■ RECORDS FOR THIS TASK
>>>
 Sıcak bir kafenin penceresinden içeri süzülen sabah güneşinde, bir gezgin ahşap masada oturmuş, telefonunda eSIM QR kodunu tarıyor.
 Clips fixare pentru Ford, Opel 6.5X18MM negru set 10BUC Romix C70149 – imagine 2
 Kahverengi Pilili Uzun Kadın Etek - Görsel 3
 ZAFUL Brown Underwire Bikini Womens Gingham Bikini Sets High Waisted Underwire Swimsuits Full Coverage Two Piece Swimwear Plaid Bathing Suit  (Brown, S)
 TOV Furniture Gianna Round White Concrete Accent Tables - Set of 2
<<<
>>>
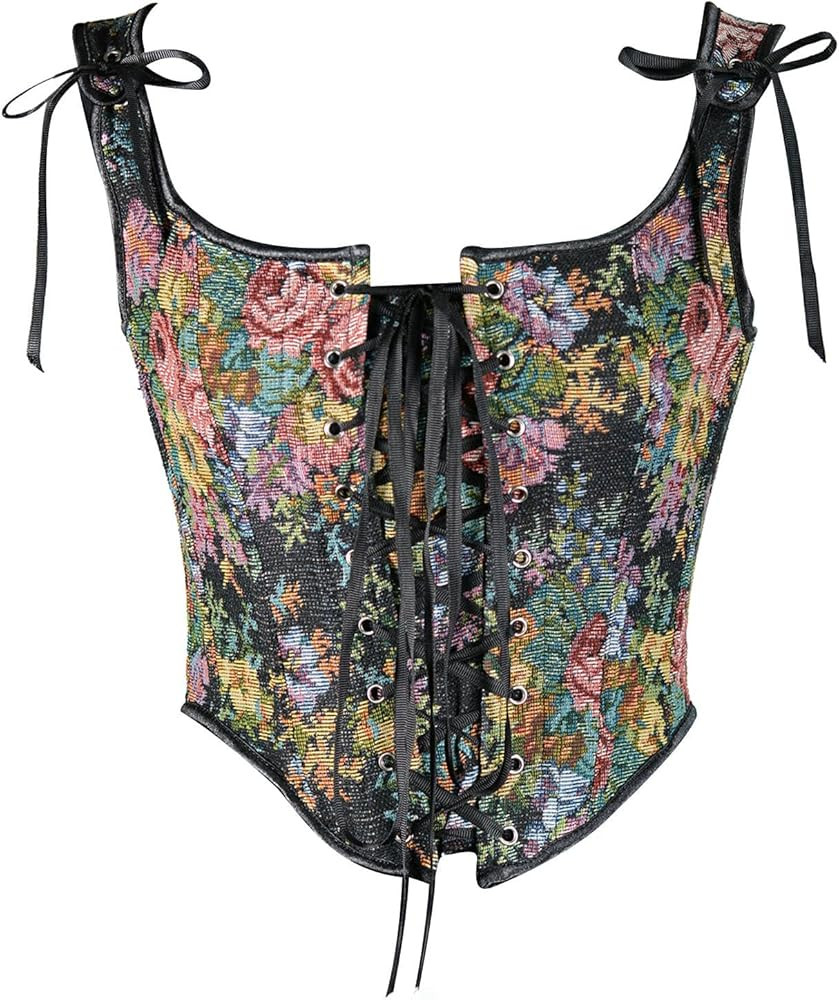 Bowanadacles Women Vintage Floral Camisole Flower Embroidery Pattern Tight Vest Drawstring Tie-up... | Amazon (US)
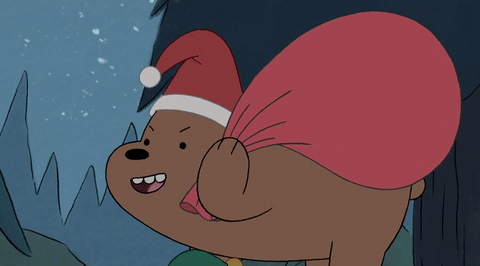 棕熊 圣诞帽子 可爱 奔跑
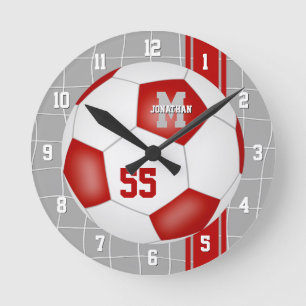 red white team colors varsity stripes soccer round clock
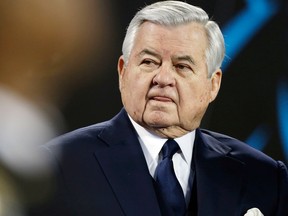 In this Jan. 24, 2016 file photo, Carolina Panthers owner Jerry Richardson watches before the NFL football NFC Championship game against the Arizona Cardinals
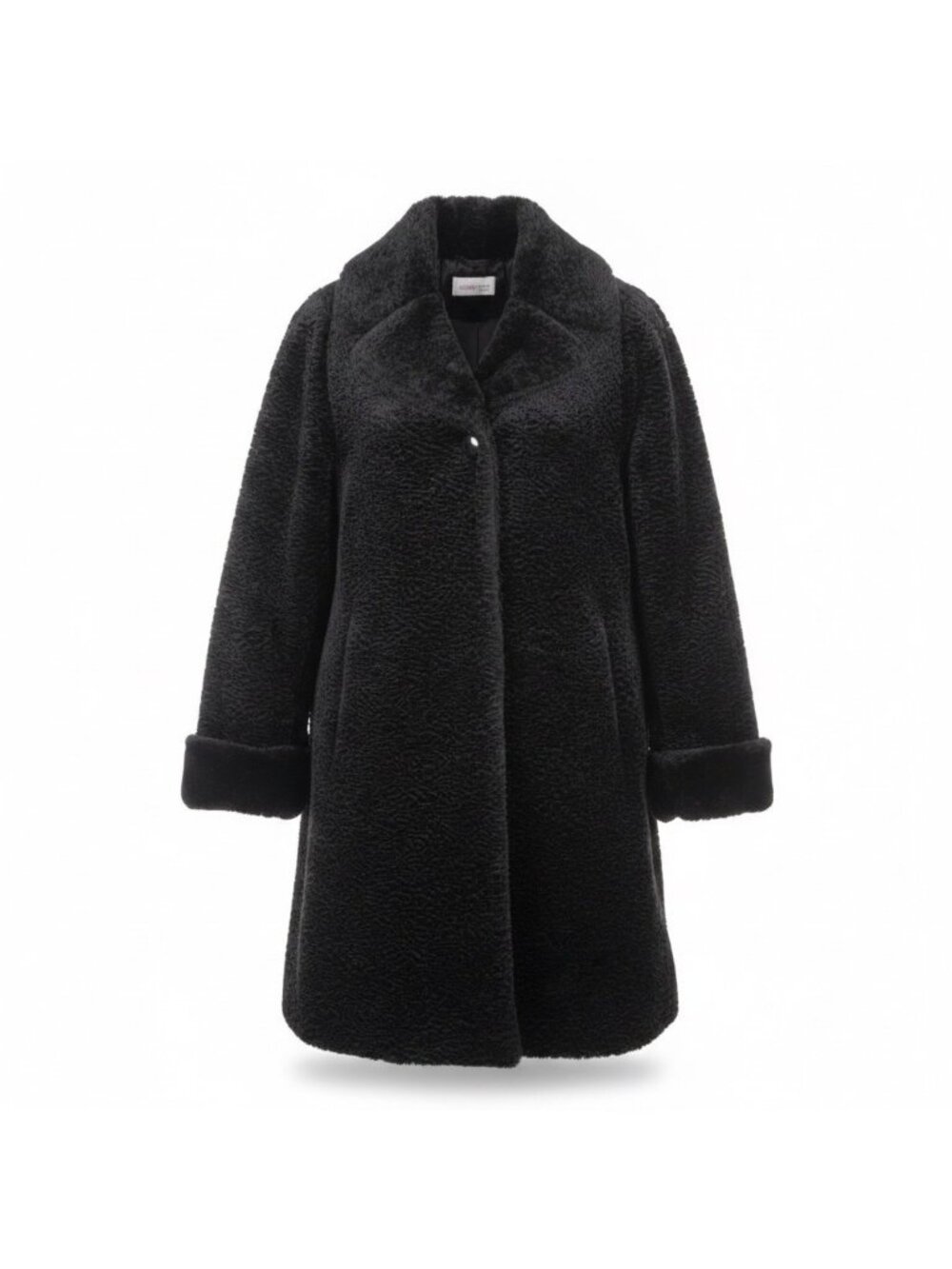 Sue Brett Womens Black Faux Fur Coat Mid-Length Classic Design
<<<
>>>
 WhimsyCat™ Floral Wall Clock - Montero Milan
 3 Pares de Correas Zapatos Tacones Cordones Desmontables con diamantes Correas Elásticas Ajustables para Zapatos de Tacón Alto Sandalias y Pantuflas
<<<
■ WHAT IS REQUIRED
From the records above, repeat exactly the lines from the one with "Sıcak bir kafenin" through the one with "TOV Furniture Gianna", both included.

■ TASK RESPONSE
 Sıcak bir kafenin penceresinden içeri süzülen sabah güneşinde, bir gezgin ahşap masada oturmuş, telefonunda eSIM QR kodunu tarıyor.
 Clips fixare pentru Ford, Opel 6.5X18MM negru set 10BUC Romix C70149 – imagine 2
 Kahverengi Pilili Uzun Kadın Etek - Görsel 3
 ZAFUL Brown Underwire Bikini Womens Gingham Bikini Sets High Waisted Underwire Swimsuits Full Coverage Two Piece Swimwear Plaid Bathing Suit  (Brown, S)
 TOV Furniture Gianna Round White Concrete Accent Tables - Set of 2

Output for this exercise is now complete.